Study of the induction time

Firstly, in a set of experiments, the catalytic reaction was monitored by UV-Vis spectrophotometry when varying the order of mixing the reagents: (i) similarly as above, a 4-NP or NF aqueous solution (2.0 mL, 5.0 × 10⁻⁵ M) was mixed with a freshly prepared NaBH₄ aqueous solution (0.2 mL, 0.050 M) and 25 μL gold suspension was added to initiate the nitro compound degradation; (ii) a reactant (4-NP or NF) and gold nanoparticles were in contact for a fixed interaction time (20 minutes) before adding the NaBH₄; (iii) the gold suspension was added to a recently made NaBH₄ aqueous solution and, once 20 minutes passed, a 4-NP or NF aqueous solution was added. In all cases, the molar ratio Au : nitro compound : NaBH₄ was 1 : 41 : 4.1 × 10².

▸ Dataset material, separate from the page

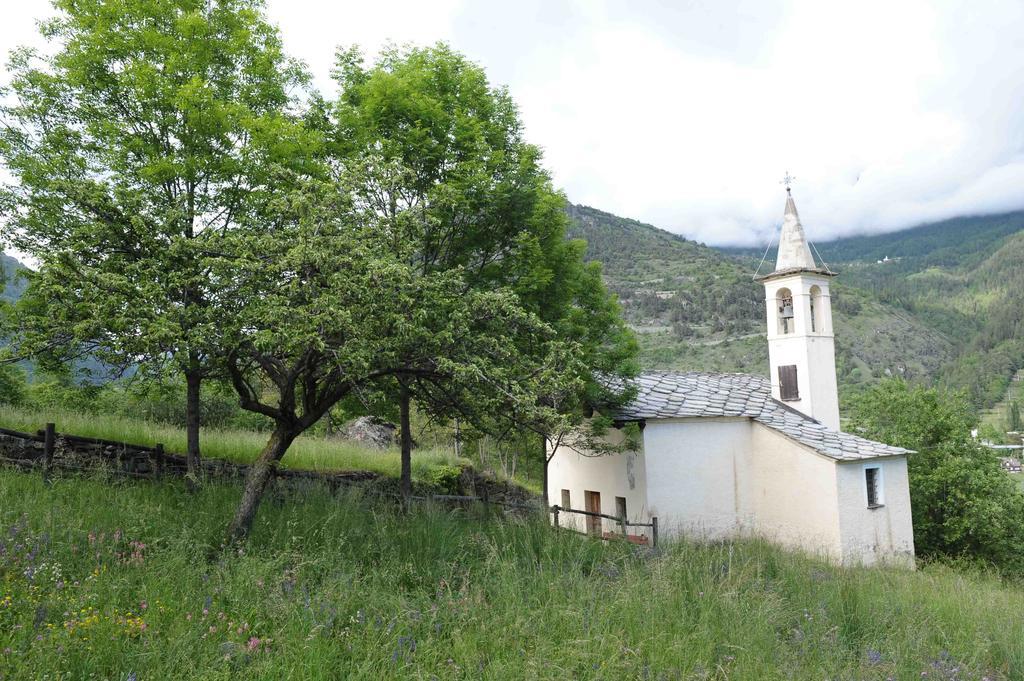 Hotel Des Roses Antey-Saint-André Dış mekan fotoğraf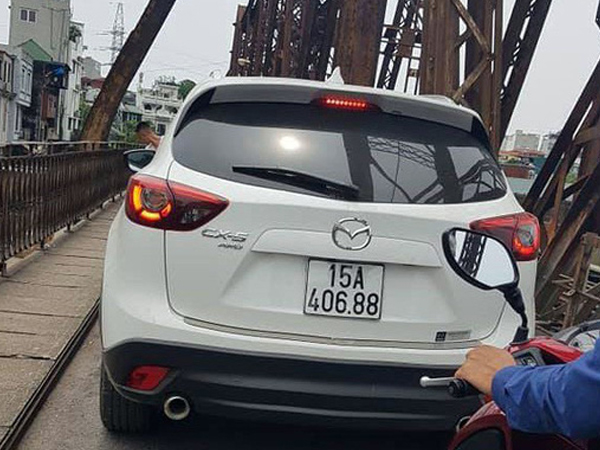 Xế hộp Madaz CX5 bị 'tuýt còi' sau khi băng qua cầu Long Biên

Secondly, UV-Vis spectrophotometry was employed to monitor the changes in the surface plasmon band of the gold suspension as a result of its interaction with reagents. In these experiments, gold suspension was mixed with 0.2 mL stock solution of nitro compound (0.010 M) or 0.2 mL freshly made NaBH₄ aqueous solution (1.0 M) to achieve the above molar ratios Au : nitro compound 1 : 41 and Au : NaBH₄ 1 : 4.1 × 10².

Results and discussion

Herein we present the results of an in-depth study of the catalytic performance of CB7-protected gold nanoparticles (AuNPs) in the reductive degradation of the banned but still used antibiotic nitrofurantoin (NF), process that has never been investigated in the presence of metal nanoparticles. The apparent kinetic constants and the activation energy of the catalysed reaction are presented. In addition, the 4-nitrophenol (4-NP) reduction reaction was investigated with the synthesised material as this reaction is frequently used to compare the catalytic performance of new synthetic procedures. The comparison with recently published works in which relatively good efficiencies were reported is included.

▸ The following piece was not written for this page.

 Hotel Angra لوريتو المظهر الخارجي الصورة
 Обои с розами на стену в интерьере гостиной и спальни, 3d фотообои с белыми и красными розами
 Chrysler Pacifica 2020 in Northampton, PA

As it will be discussed below, the gold colloid synthesised by means of the procedure described in the Experimental section was stable and no precipitation was observed after three months at least. The nanoparticles were subjected to characterisation by high-resolution transmission electron microscopy and UV-Vis spectroscopy and were ready for the study of its catalytic performance after a two days ageing.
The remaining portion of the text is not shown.